От путешественников я знал, что нашего старинного дома больше не существует, что самый проулок вблизи Фонтанки, в котором он стоял между двух улиц, утрачен подобно некой связующей ткани в процессе органического вырождения. Что же наследовало ему, что могло пронзить мою память? Этот закат с триумфом бронзовых облаков и фламингово-красным таяньем в дальнем проеме арки на Зимней канавке я, верно, впервые увидел в Венеции. Что еще? Тень оград на граните? Если быть совершенно честным, мне показались знакомыми лишь собаки, голуби, лошади и очень дряхлые, очень кроткие гардеробщики. Они да еще, может быть, фасад дома на улице Герцена. Наверное, лет сто назад я ходил сюда на какие-то детские праздники. Узор из цветов, вьющийся над верхним рядом его окон, отозвался призрачной дрожью в корнях у крыльев, которые мы все отпускаем в такие минуты сновидных воспоминаний.
С Дорой мне предстояло встретиться в пятницу утром на площади Искусств перед Русским музеем, около статуи Пушкина, воздвигнутой лет десять назад комитетом метеорологов. В интуристовском проспекте имелась тонированная фотография этого места. Метеорологические ассоциации, вызываемые монументом, преобладали над культурными. Пушкин, в сюртуке, с правой полой, постоянно привздутой скорее ветром с Невы, чем вихрем лирического вдохновения, стоит, глядя вверх и влево, а правая его рука простерта в другую сторону, вбок, проверяя, как там дождь (вполне натуральная поза в пору, когда в ленинградских садах расцветает сирень). К моему приходу дождь сократился до теплой мороси, простого шепота в липах, над длинными парковыми скамьями. Доре полагалось сидеть налево от Пушкина, id est[127] от меня направо. Скамейки были пусты и выглядели мокроватыми. Трое-четверо ребятишек, сосредоточенных, тусклых, странно старообразных, что не редкость у советских детей, маячили по другую сторону пьедестала; не считая их, я прохлаждался здесь один, держа в правой руке «Humanité» вместо «Worker», коим мне полагалось неприметно сигналить, но коего я в этот день раздобыть не сумел. Я как раз расстилал газету на садовой скамье, когда по дорожке ко мне направилась дама с предсказанной хромотой. В пастельно-розовом, также ожидаемом, плаще, страдающая косолапостью, она шла, опираясь на крепкую трость. При ней еще был прозрачный маленький зонт, не фигурировавший в списке обязательных принадлежностей. Я сразу залился слезами (даром что был уже начинен пилюлями). Ее глаза, нежные и прекрасные, также были мокры.

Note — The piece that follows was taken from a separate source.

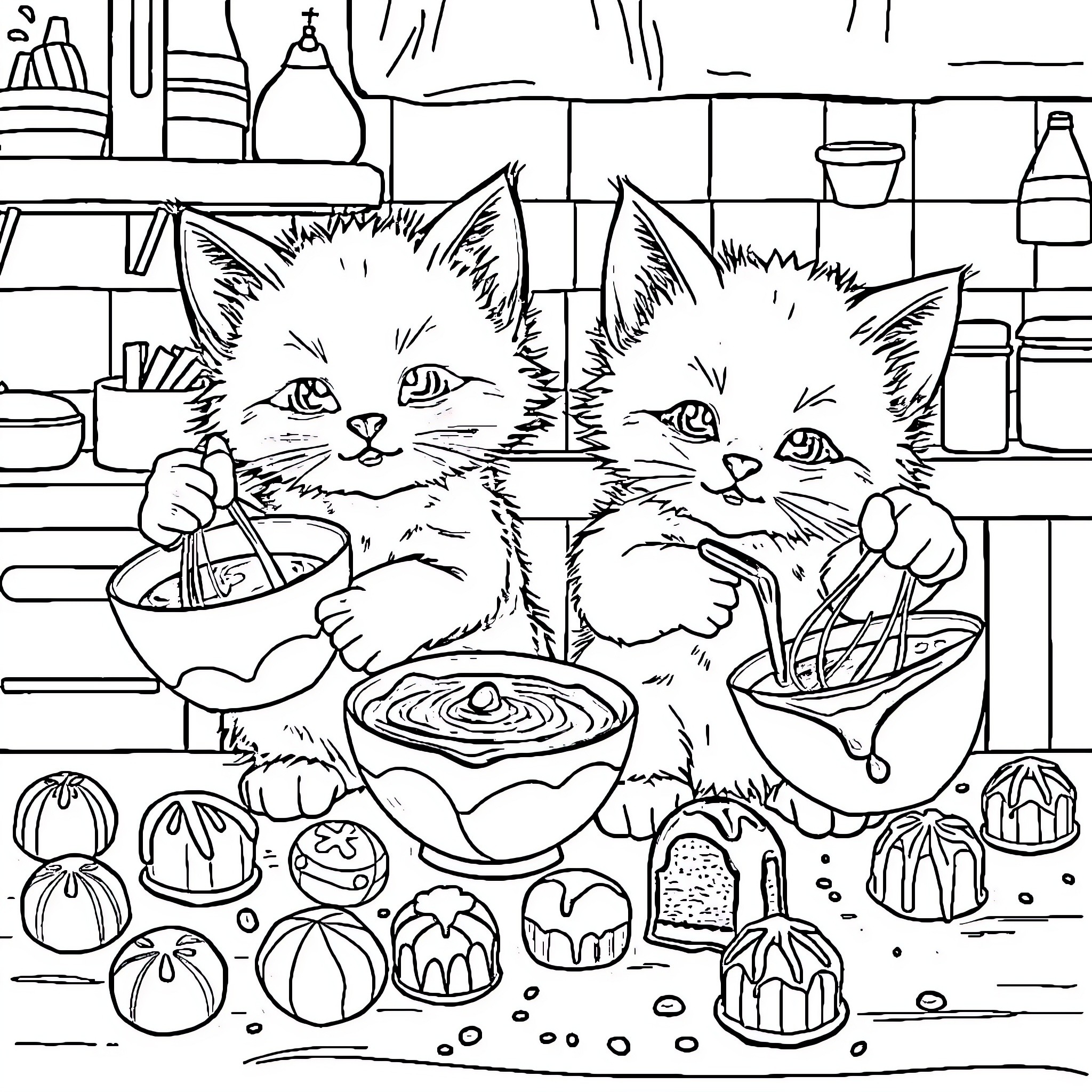 Kittens Enjoying a Cozy Kitchen Snack Coloring Page (free black-and-white line drawing printable PDF for all, from beginners to advanced learners, including children, teens, adults, and seniors)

Так я не получил телеграммы А. Б.? Отправленной два дня назад на мой адрес в Париже? Отель «Мориц»?
– Переврали название, – сказал я, – да и уехал я раньше. Пустое. Ей много хуже?
– Нет-нет, напротив. Я знала, вы все равно приедете, но тут у нас кое-что случилось. Во вторник, пока я была на работе, вернулся Карл и увез ее. И чемодан мой новый тоже увез. У него совершенно нет чувства собственности. Когда-нибудь его пристрелят, как простого воришку. Первые неприятности начались у него, когда он стал уверять всех, что Линкольн и Ленин – братья. А в последний раз…
Милая, говорливая женщина эта Дора. Что же у Бел за болезнь, в точности.
– Сибирское малокровие. А в последний раз он сказал лучшему своему ученику в языковой школе, что единственное, чем людям следует заниматься, – это любить друг друга и прощать врагам своим.